A TEA spokesperson confirmed to the Dallas Morning News that previous versions of the STAAR test only gave zeros to blank or nonsensical answers, and the new rubric allows zeros based on content.
High stakes
Concerns about the potential consequences of using ai to score standardized tests in Texas cannot be understood without also understanding the state's school accountability system, Brown says.
The Texas Education Agency summarizes a wide range of data, including STAAR test results, into a single letter grade from A to F for each district and school. It's a system that many feel out of touch, Brown says, and the stakes are high. One writer described the exam and the annual preparation for it as “A children's circus plagued by anxiety.”
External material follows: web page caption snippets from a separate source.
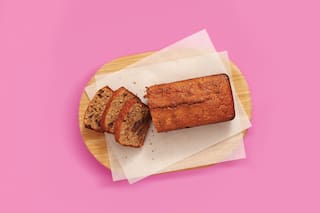 Receta en 10 minutos. Budín de banana, coco y chocolate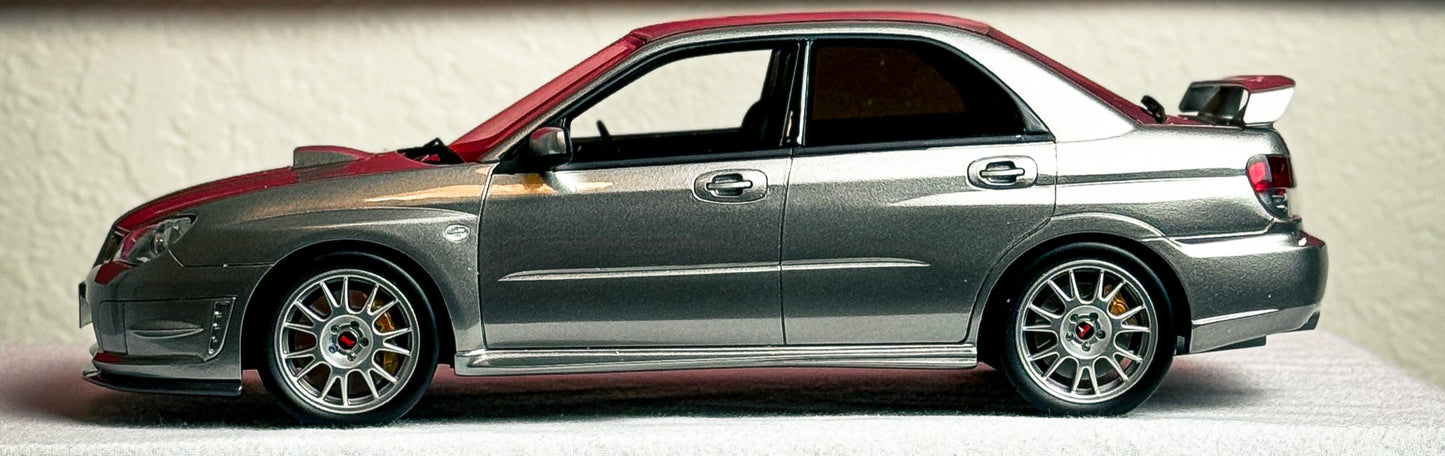 Subaru STi S204 model diecast
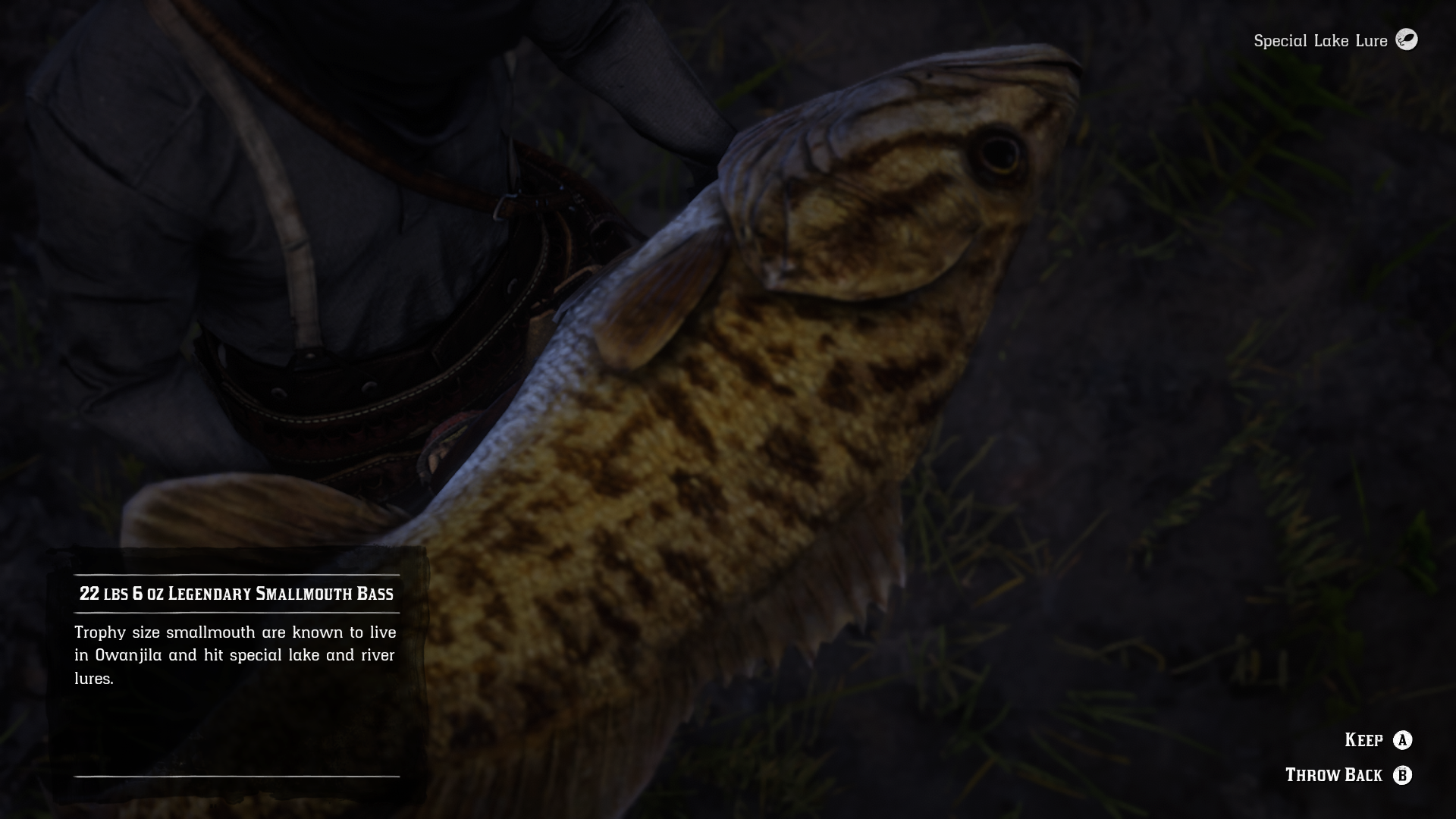 Red Dead Redemption 2 Legendary Channel Catfish Legendary Bullhead Catfish Location - Legendary Fish - Red Dead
The TEA can take over any school district that has five consecutive F's, as happened in the fall with the huge Houston Independent School District. The takeover was prompted by failing grades at just one of its 274 schools, and both the superintendent and elected board of directors were replaced by state appointees. Since the acquisition, there has been seemingly non-stop news of protests on controversial changes in “low-performing” schools.
“The accountability system is a source of consternation for school districts and parents because sometimes it just doesn't seem to connect to what's really happening in the classroom,” Brown says. “So every time I think a change is made in the assessment, because accountability (the system) is a force, it makes people worry too much about the change. Especially in the absence of clear communication about what it is.”
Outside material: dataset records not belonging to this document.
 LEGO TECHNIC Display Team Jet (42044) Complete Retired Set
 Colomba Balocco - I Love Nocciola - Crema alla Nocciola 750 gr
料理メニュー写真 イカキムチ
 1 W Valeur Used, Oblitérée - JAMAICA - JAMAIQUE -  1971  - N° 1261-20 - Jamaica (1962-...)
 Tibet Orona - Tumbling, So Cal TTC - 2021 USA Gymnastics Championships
Robison says her organization, which represents teachers and school staff, advocates for the complete abolition of the STAAR exam. The addition of an opaque, automated scoring system is not helping state education officials build trust.
“There is already a lot of mistrust about STAAR and what it is intended to represent and accomplish,” Robison says. “It does not accurately measure student performance and there are many suspicions that this will deepen distrust because of the way most of us were surprised by this.”